=== Begin Enclosure ===
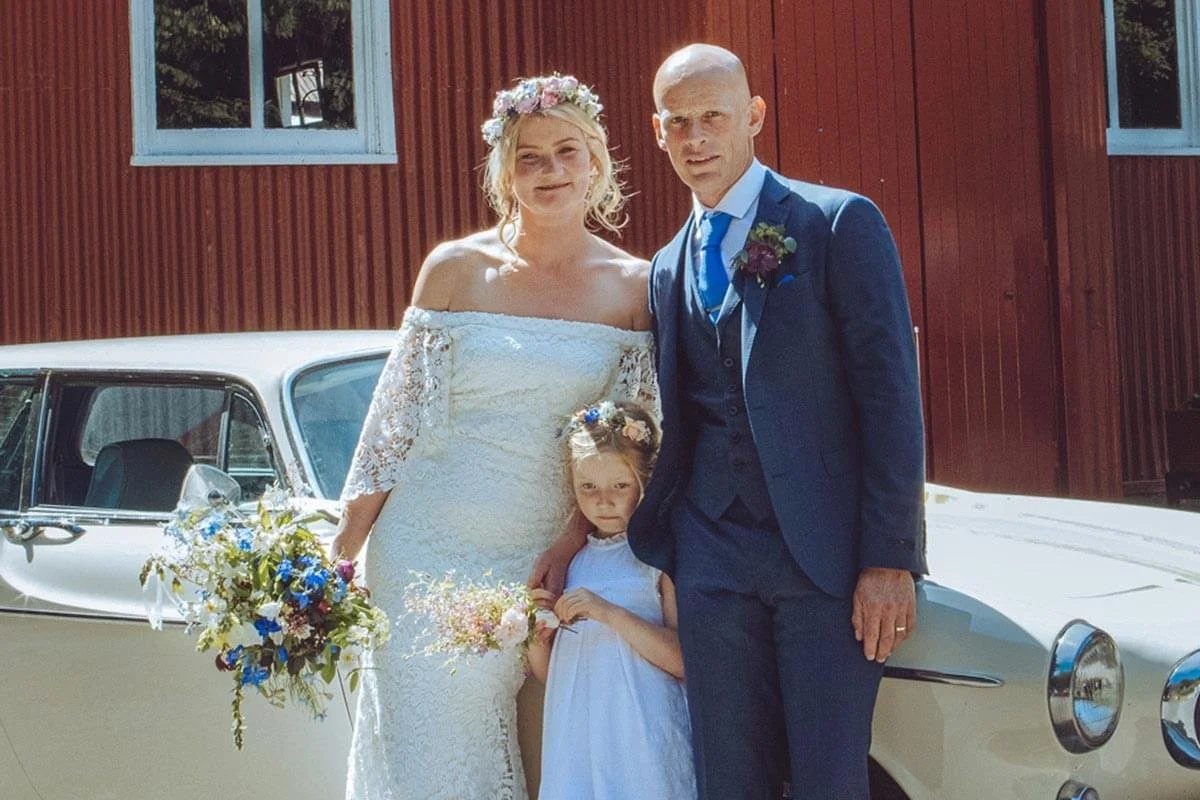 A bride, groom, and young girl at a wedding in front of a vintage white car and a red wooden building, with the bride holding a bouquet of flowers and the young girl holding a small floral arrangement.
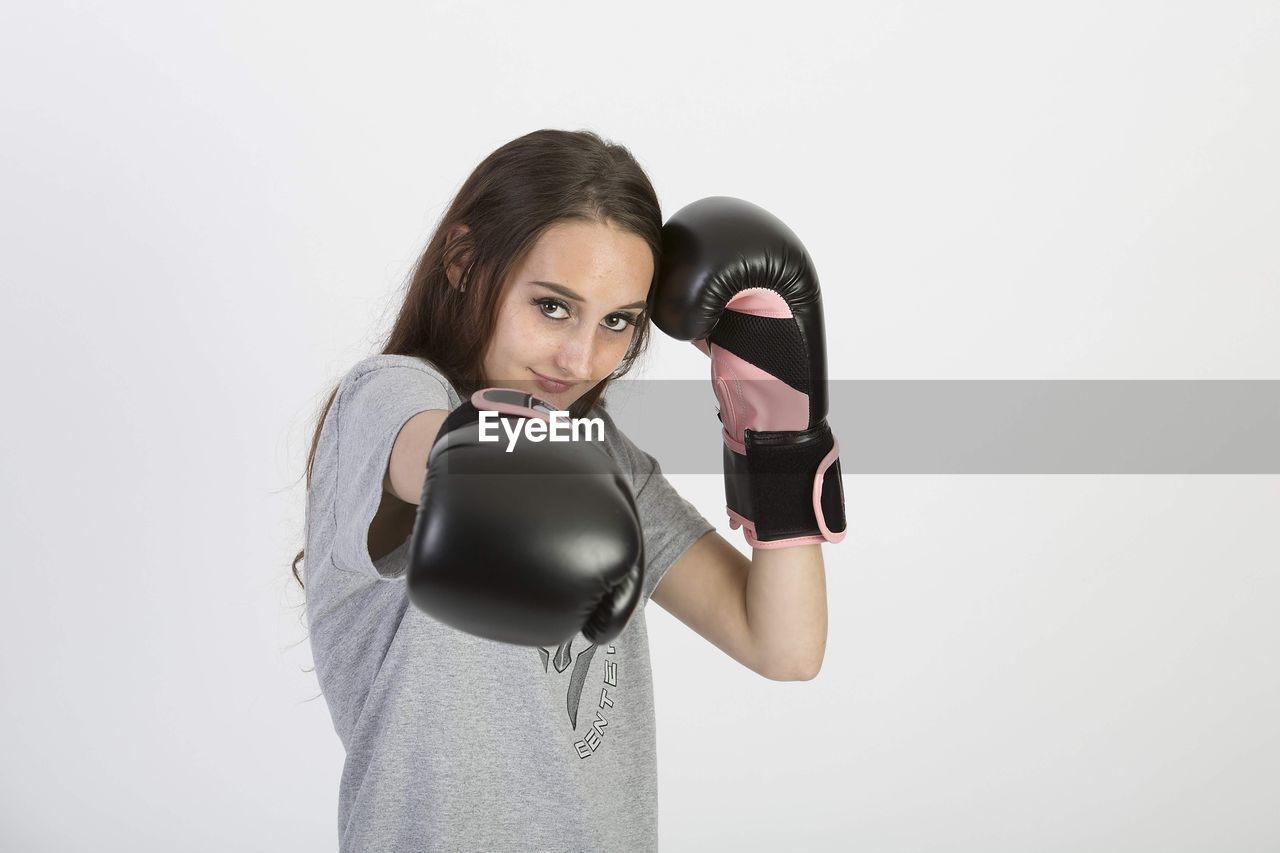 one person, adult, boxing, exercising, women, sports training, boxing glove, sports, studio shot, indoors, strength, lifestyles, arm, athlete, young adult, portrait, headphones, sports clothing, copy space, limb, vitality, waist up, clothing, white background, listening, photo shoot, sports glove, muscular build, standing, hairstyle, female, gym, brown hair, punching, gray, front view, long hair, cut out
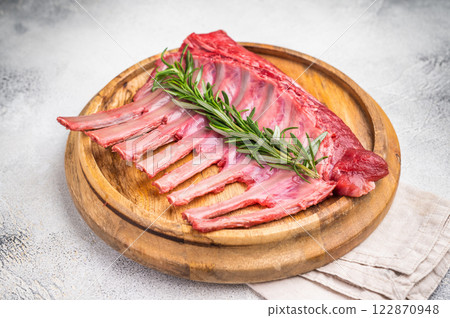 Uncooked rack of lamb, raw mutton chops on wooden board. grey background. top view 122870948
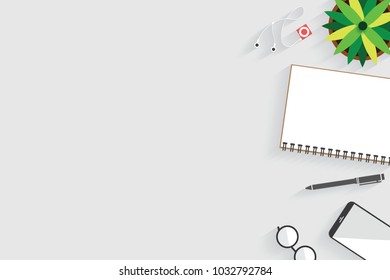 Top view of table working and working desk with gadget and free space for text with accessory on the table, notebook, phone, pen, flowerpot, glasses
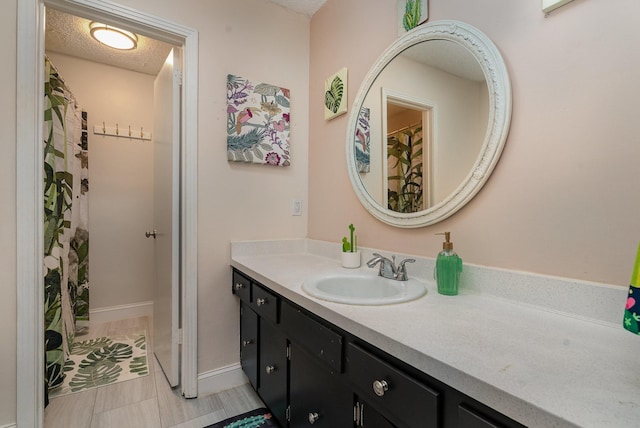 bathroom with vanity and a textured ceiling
=== End Enclosure ===
# [What you are asked to do]
The material must be restated verbatim. Its pictures must be omitted.

# [Written response]
 A bride, groom, and young girl at a wedding in front of a vintage white car and a red wooden building, with the bride holding a bouquet of flowers and the young girl holding a small floral arrangement.
 one person, adult, boxing, exercising, women, sports training, boxing glove, sports, studio shot, indoors, strength, lifestyles, arm, athlete, young adult, portrait, headphones, sports clothing, copy space, limb, vitality, waist up, clothing, white background, listening, photo shoot, sports glove, muscular build, standing, hairstyle, female, gym, brown hair, punching, gray, front view, long hair, cut out
 Uncooked rack of lamb, raw mutton chops on wooden board. grey background. top view 122870948
 Top view of table working and working desk with gadget and free space for text with accessory on the table, notebook, phone, pen, flowerpot, glasses
 bathroom with vanity and a textured ceiling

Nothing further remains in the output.